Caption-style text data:
= = = = = = =

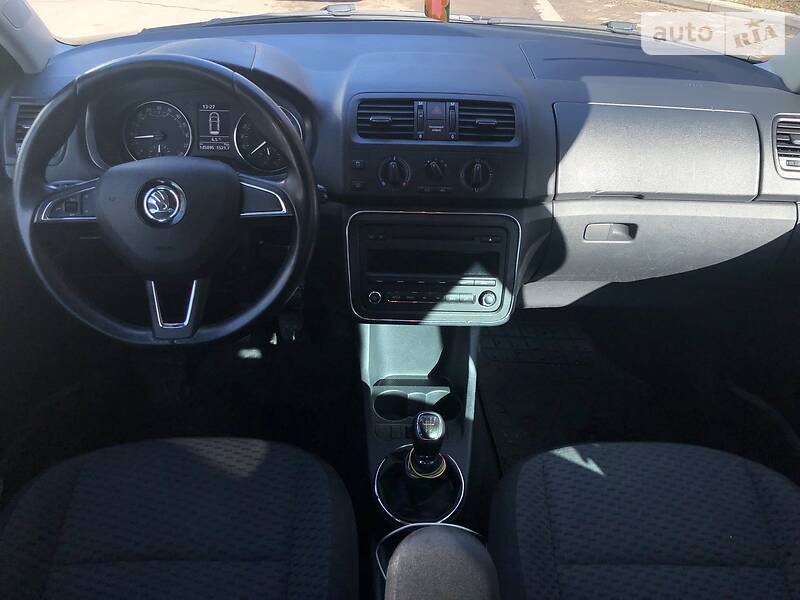 Універсал Skoda Fabia 2014 в Рівному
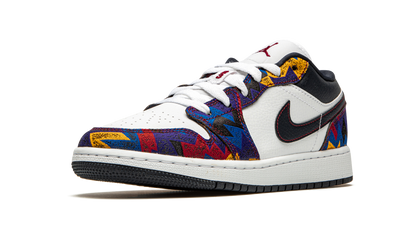Air Jordan 1 Low GS Nothing But Net CZ8657 100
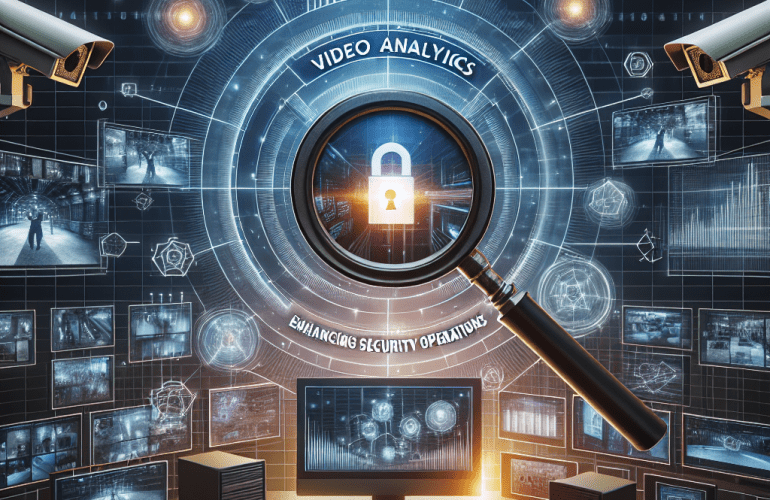 The Role of Video Analytics in Enhancing Security Operations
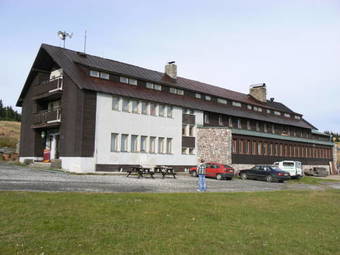 Hostal Dvorsk� Bouda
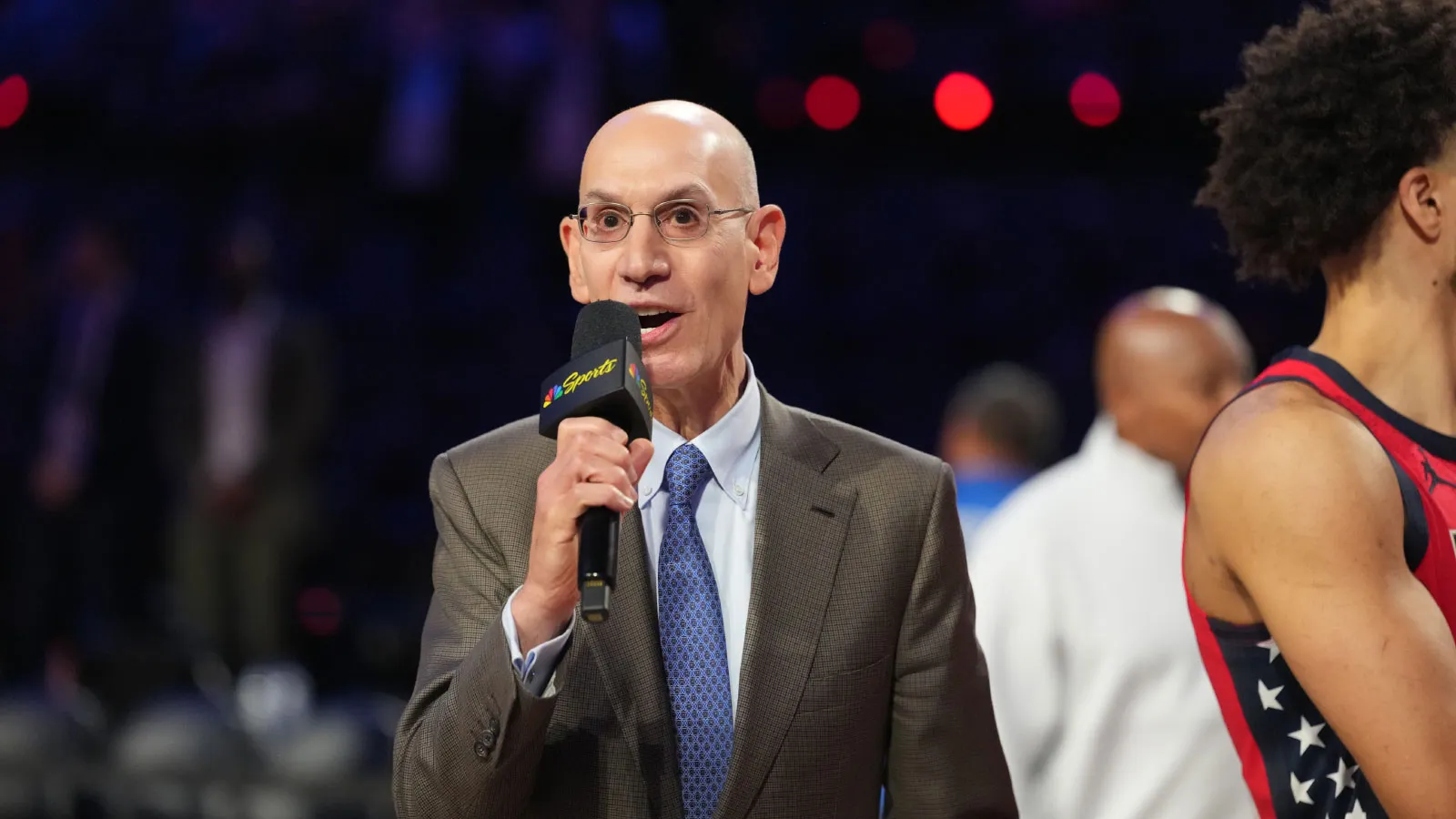 NBA commissioner Adam Silver claims Las Vegas, Seattle expansion still ‘can’t happen’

= = = = = = =

WORK TO BE COMPLETED:
Would you please repeat each record exactly? Leave the pictures out.

TASK SOLUTION:
 Універсал Skoda Fabia 2014 в Рівному
Air Jordan 1 Low GS Nothing But Net CZ8657 100
 The Role of Video Analytics in Enhancing Security Operations
 Hostal Dvorsk� Bouda
 NBA commissioner Adam Silver claims Las Vegas, Seattle expansion still ‘can’t happen’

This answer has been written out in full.